Interest on the term loan accrues on the principal amount outstanding at a floating per annum rate equal to the greater of the rate of interest noted in The Wall Street Journal Money Rates section, as the “Prime Rate” or 4.00% plus a margin of 4.9% and is payable monthly in arrears and shall be computed on the basis of a 360-day year for the actual number of days elapsed. The Company is required to make interest only payments from July 2022 to May 2027. The note payable has a maturity date of June 15, 2027, at which time any unpaid interest, outstanding principal balance, and a final payment of 4.5% of the original principal amount borrowed shall be due in full. If the Company repays the loan prior to maturity, the Company will be required to pay a prepayment fee of 0.5%-1% of the outstanding principal balance. The Company is also required to pay a 3% success fee of the funded principal amount of the term loan at the time of a liquidity event, as defined in the loan and security agreement. The success fee is enforceable within 10 years from the execution date of the agreement.

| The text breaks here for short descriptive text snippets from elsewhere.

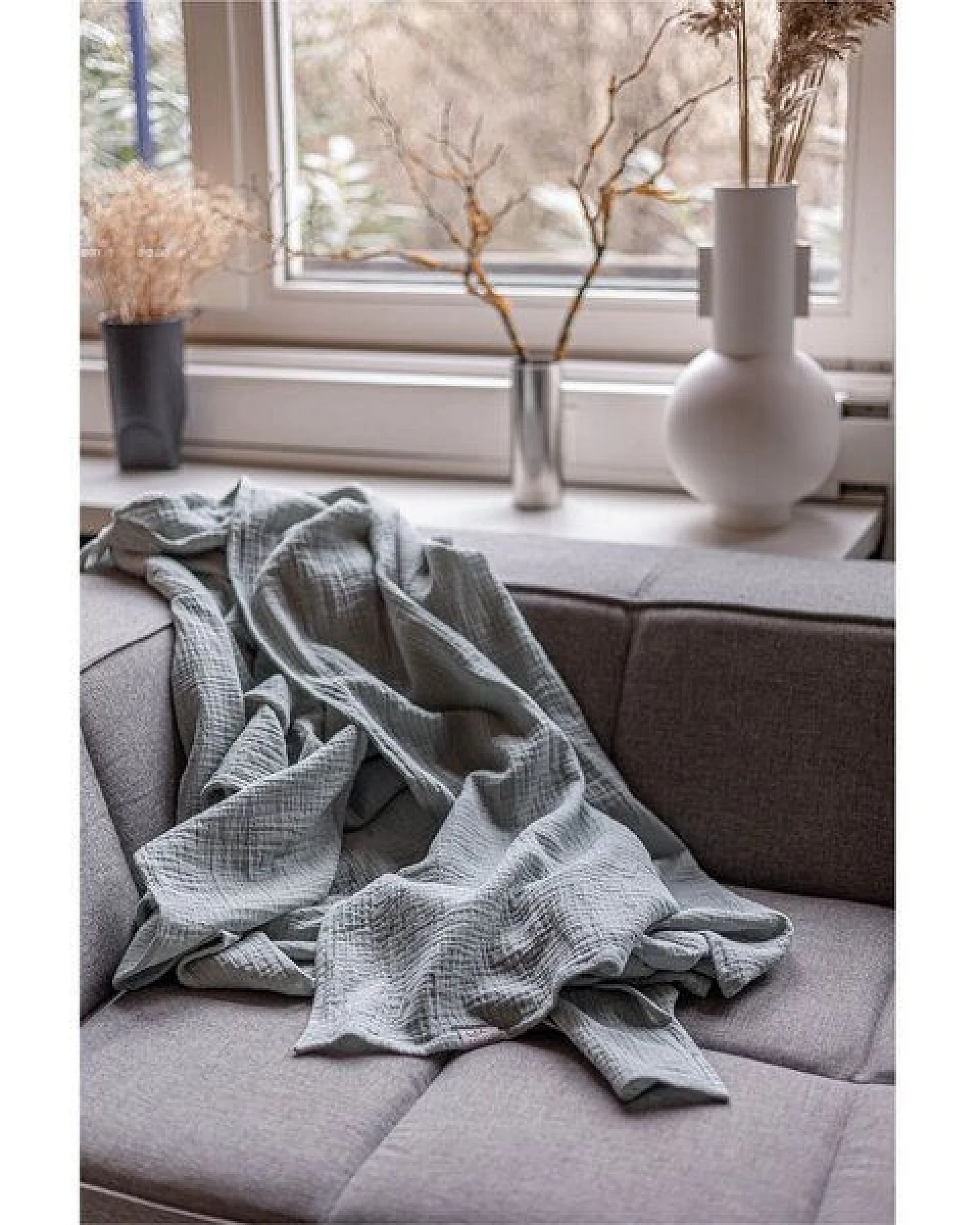 Hutch&Putch Musselin Sommerdecke für warme Nächte - Abmaße 135x220 cm - aus 100% Bio-Baumwolle - Handmade in Germany und Europa – Ansicht 3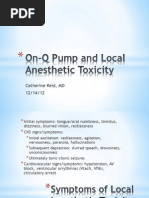 On-Q Pump and Local Anesthetic Toxicity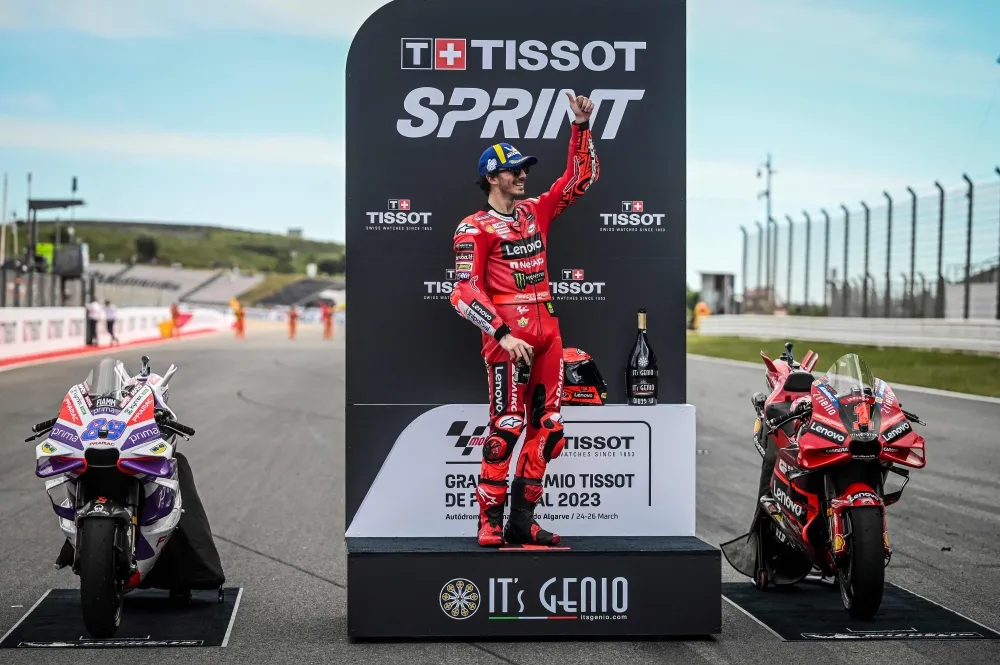 Bagnaia wins first ever sprint at Portugal MotoGP
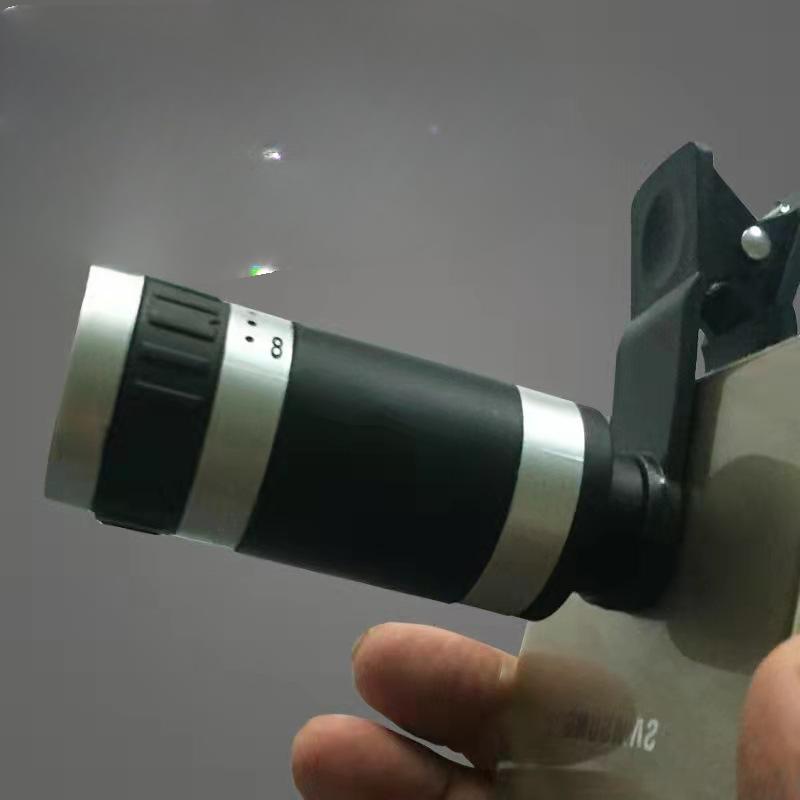 Tovární velkoobchodní teleobjektiv 8x18 s fotoaparátem pro mobilní telefon Teleskop Širokoúhlé venkovní fotografování s vysokým rozlišením.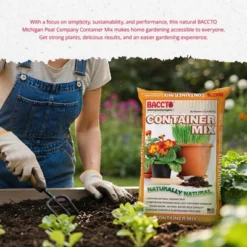 Michigan Peat Company BACCTO Container Mix, Indoor Outdoor Blend With Organic Peat, Starter & Nutrients For 6 Inch Or Larger Planters, 1.5 Cubic Feet 8 Michigan Peat Company BACCTO Container Mix, Indoor Outdoor Blend With Organic Peat, Starter & Nutrients For 6 Inch Or Larger Planters, 1.5 Cubic Feet -D'Eco Store GUEST 758772b0 6849 439d 841a 37a6b52253bf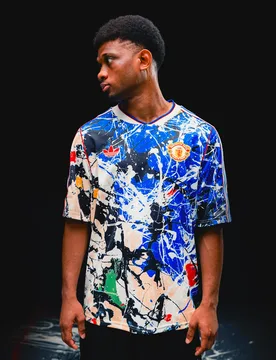 Manchester United x Stone Roses Jersey Blue XL - Adidas - FashionsVida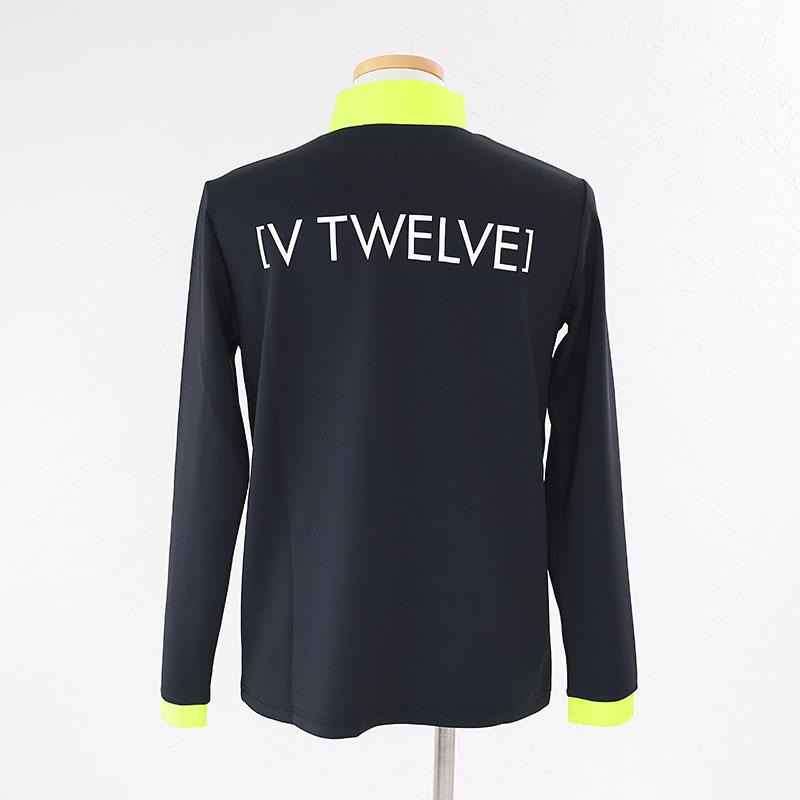 V12（ヴィ・トゥエルヴ） ヴィトゥエルブ TIP COLOR MOCK ゴルフ 長袖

The Company has accounted for the final payment of $1,800,000 as a discount of the note that will be amortized over the life of the loan using the effective interest method. Amortization of the discount was $201,201 and $88,624 for the six-month period ended June 30, 2024 and 2023, respectively. This amount was recorded as additional interest expense in the accompanying condensed consolidated statements of operations. As of June 30, 2024 and December 31, 2023, the note has been shown net of unamortized discounts of $1,217,533 and $1,418,734, respectively.
The Company incurred loan costs of $998,393, which are being amortized over the life of the loan using the effective interest method. Amortization of loan costs was $104,931 and $78,362 for the six-month period ended June 30, 2024 and 2023, respectively. As of June 30, 2024 and December 31, 2023, the note has been shown net of unamortized loan costs of $629,648 and $734,579, respectively.
The Company is subject to customary financial and reporting covenants under the loan and security agreement. As of June 30, 2024 and December 31, 2023, the Company was in compliance with all debt covenants.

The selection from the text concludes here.